I'm not sure if it's the most expensive out there, but it definitely isn't cheap. I think Stella & Chewy's freeze dried raw is more expensive...just one that I've seen anyway. I've been feeding mine Ziwi Peak for over a year now...they get some Ziwi Peak & some of their homecooked recipe at each meal. They had a blood chem panel done recently and everything looked great so it must be working okay. Mine love the Ziwi Peak too


----------



## manning (Aug 11, 2008)

*Manning loves it!*

Manning and I are HUGE ziwipeak fans... he's been on it all his life and i have no complaints just praise- he has NEVER had a tear stain issue-EVER (not 100% sure the ziwipeak deserves the credit, but I think so 

I find the price to be worth it- I figure I am saving hundreds of dollars from vet bills that he won't need because of the quality of this food- it balances out. PLUS their small bag lasts a little over a month for my 6 pounder- I figure a dollar a day ain't too shabby.

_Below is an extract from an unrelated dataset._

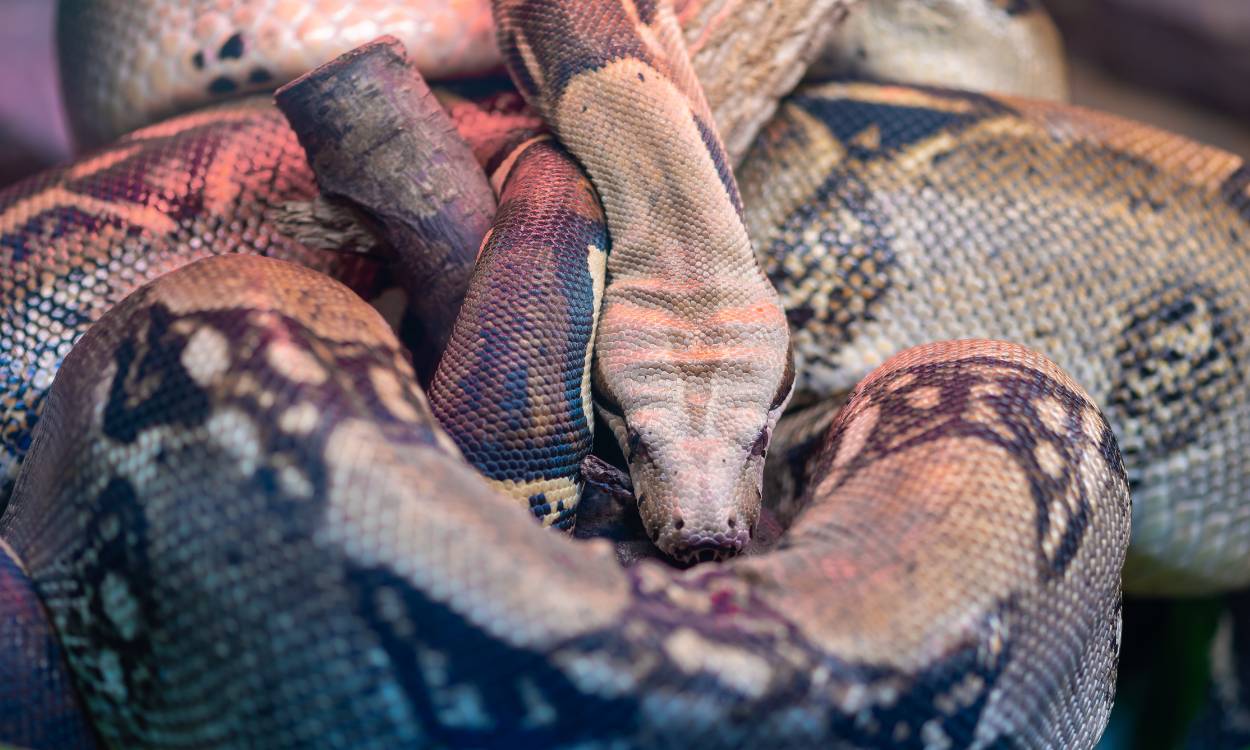 Investigado por tener ilegalmente en su casa a una boa constrictor en Villalbilla (Madrid)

Their website has A LOT of great information... like the food fundamentals http://www.ziwipeak.com/pdfs/2651_Food_Fundamentals.pdf

Hope your pup loves it as much as mine does!
:}


----------



## dex'smom (Jan 11, 2009)

i add a bit of ziwi peak into dexs wellsness. he loooves it


----------



## tamizami (May 1, 2007)

lol, i found a dog food even MORE expensive than S&C, paw naturaw organic grassfed bison (dehydrated). but my dogs absolutely LOVE it. they also like the ziwi peak, but i pretty much just use that for training treats.


----------